I was, shall we say, something different from a genius. It became clear that I had not fully appreciated the degree of pent-up demand for outdoor activity. It also became clear that many folk may not have fully grasped the guidelines given for social distancing, group size, or face coverings. But I had my mask, and I quickly moved it from my bag, where I’d put it in the presumably very unlikely chance that I would need it, to keeping it on my neck so I could quickly apply it when people approached. And I applied it a lot.

I should say, tho, that encountering people was most common within a relatively short distance of a road crossing. Fortunately, there are long stretches of the trail that don’t involve a crossing, and these were as secluded as I could have hoped for.

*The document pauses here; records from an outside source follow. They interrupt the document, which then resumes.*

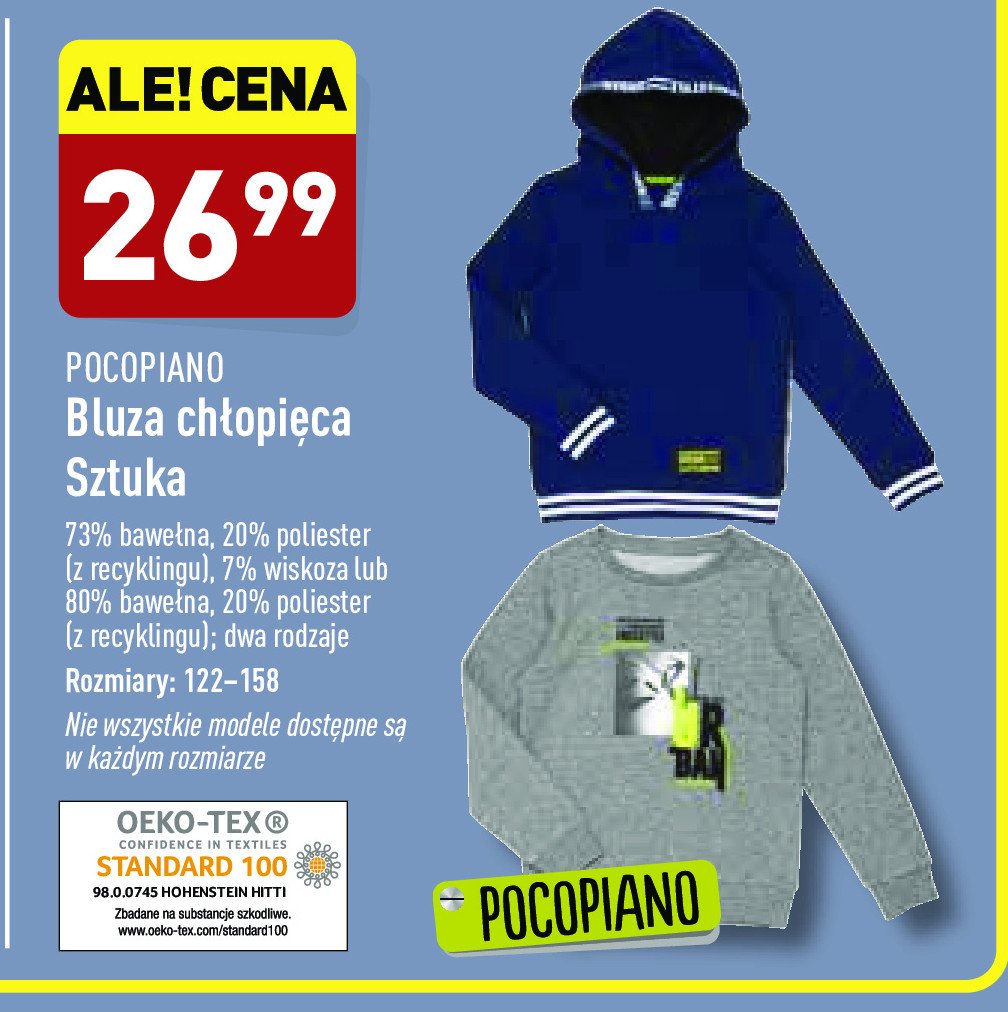 Bluza chłopięca 122-158 cm Pocopiano promocja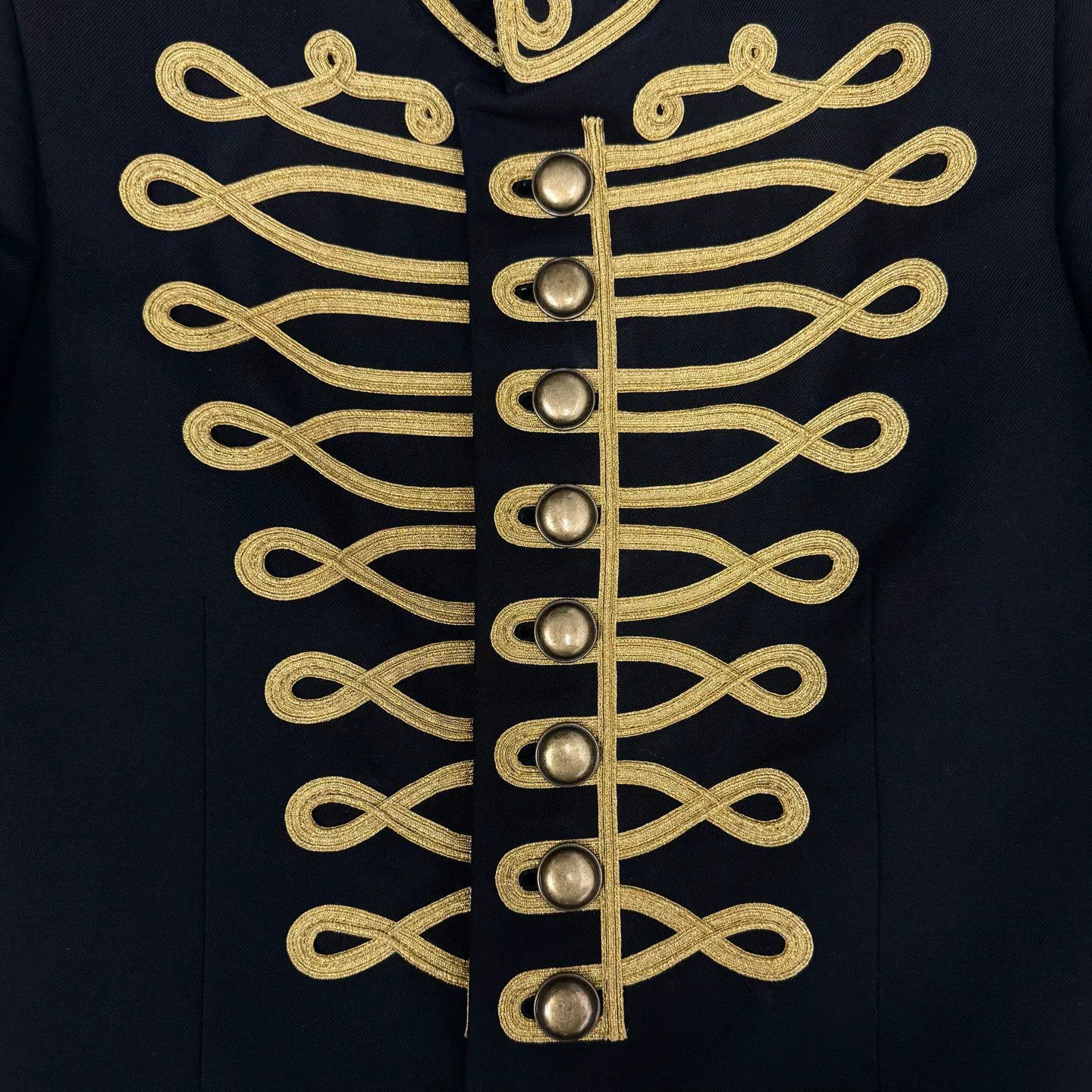 Saint Laurent Paris Saint Laurent Black Gold Embroidery Suit Jacket Size XS / US 0-2 / IT 36-38 - 5 Thumbnail
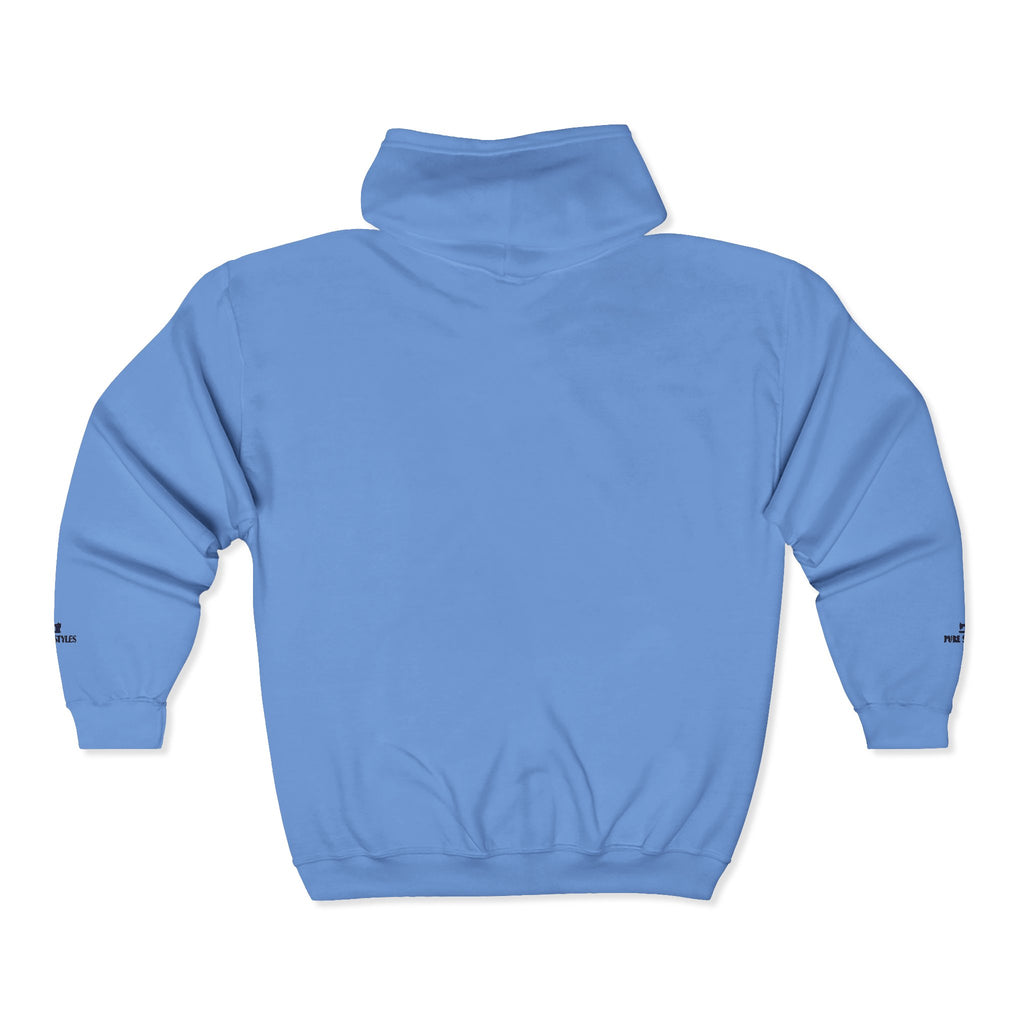 Cozy Unisex Zip Hooded Sweatshirt | Casual Comfort Wear for All Seasons, Ideal Hiking, Layering, Gift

As I mentioned, I started at 172, which is where I ended when I rode here last June. It had been a wet spring, and I’d encountered a couple of mildly flooded underpasses before getting to 172, but when I arrived there, this is what I encountered:

Flooded

I’d ridden through the underpasses before, but I couldn't tell how deep that one was and, while I could have ridden up to the road to cross, I had ridden about as far as I wanted, so I let the flood waters turn me around.

I wasn’t sure what I would encounter this time, but I went ahead and decided to start where I ended. Fortunately, it was a different picture this time:

Not flooded

Not only was it not flooded, it looks like work has been done fairly recently to bring the trail under the bridge to a higher grade to help prevent it. I rolled on under and I was on my way.

The trail surface for this section was what I’d remembered from last year - essentially deprecated crushed stone (and packed dirt) with a fair amount of low-lying ground-cover growth in it due to a relative lack of foot traffic.

Trail surface

It’s absolutely passable on the trike, but the going is slow because the surface is somewhat soft. Mountain bikes soft-readers of various sorts would be fine here as well, but you’d be struggling with a road bike, I believe.

It’s also slow because the trail isn’t cleared well - there’s a lot of dead wood on the trail from overhanging trees. This is likely due to the fact that the park is huge, and that it had been closed for the past two months. I don’t remember that being an issue in my prior rides, so it may be less of a problem as the season progresses and park personnel can tend to the trail.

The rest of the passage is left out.